EXERCISE DATA:
★ ★ ★ ★ ★

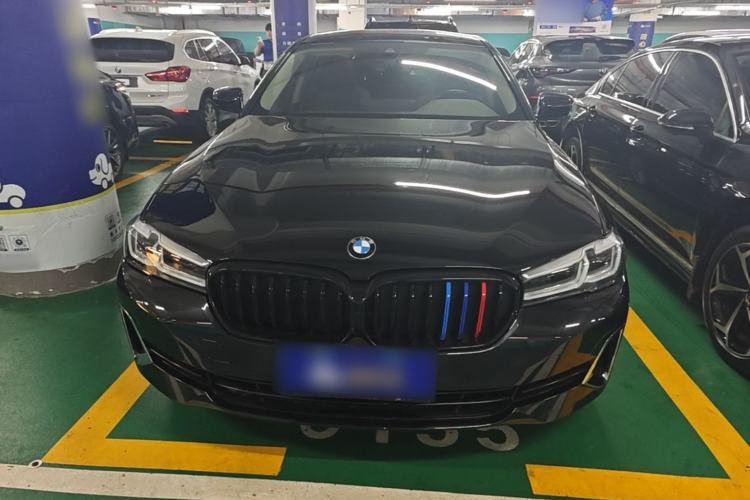 Used BMW 5 Series 2021 525Li Luxury Package Front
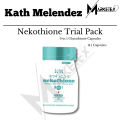 Nekothione Glutathione Capsule by Kay Melendez Skin Whitening Collagen & Nekocee Capsules. 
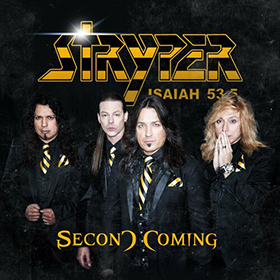 Fotonášivka STRYPER - Second Coming Band Poster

★ ★ ★ ★ ★

WHAT YOU ARE ASKED TO DO:
Could you reproduce the data above exactly, without its pictures?

YOUR RESPONSE:
 Used BMW 5 Series 2021 525Li Luxury Package Front
 Nekothione Glutathione Capsule by Kay Melendez Skin Whitening Collagen & Nekocee Capsules. 
 Fotonášivka STRYPER - Second Coming Band Poster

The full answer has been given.